• DIRECTIONS FOR THIS TASK: Please repeat, unchanged, the lines at the top of the listing below, ending with the one that has "Feriehus Stylish Five".

• TASK INPUT:
=== Begin Enclosure ===

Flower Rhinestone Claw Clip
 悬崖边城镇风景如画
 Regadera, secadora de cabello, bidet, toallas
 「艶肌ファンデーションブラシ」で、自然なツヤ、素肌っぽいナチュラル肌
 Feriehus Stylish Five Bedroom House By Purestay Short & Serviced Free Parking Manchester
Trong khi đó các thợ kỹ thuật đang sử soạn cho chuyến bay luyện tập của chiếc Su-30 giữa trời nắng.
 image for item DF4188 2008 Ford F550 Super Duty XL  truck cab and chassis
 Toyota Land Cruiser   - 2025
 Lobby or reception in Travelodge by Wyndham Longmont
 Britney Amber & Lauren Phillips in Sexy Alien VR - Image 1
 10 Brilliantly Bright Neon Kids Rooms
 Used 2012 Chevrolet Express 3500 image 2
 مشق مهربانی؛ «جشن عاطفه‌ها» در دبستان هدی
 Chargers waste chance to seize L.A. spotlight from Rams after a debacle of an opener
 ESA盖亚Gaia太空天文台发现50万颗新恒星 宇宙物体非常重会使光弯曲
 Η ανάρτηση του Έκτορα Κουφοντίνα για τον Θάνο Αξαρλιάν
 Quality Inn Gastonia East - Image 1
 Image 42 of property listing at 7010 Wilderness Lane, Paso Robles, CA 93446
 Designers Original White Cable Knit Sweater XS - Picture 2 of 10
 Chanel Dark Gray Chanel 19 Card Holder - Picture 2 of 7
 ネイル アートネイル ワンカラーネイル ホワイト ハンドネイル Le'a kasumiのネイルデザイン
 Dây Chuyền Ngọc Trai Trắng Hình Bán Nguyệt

=== End Enclosure ===

• RESPONSE:
Flower Rhinestone Claw Clip
 悬崖边城镇风景如画
 Regadera, secadora de cabello, bidet, toallas
 「艶肌ファンデーションブラシ」で、自然なツヤ、素肌っぽいナチュラル肌
 Feriehus Stylish Five Bedroom House By Purestay Short & Serviced Free Parking Manchester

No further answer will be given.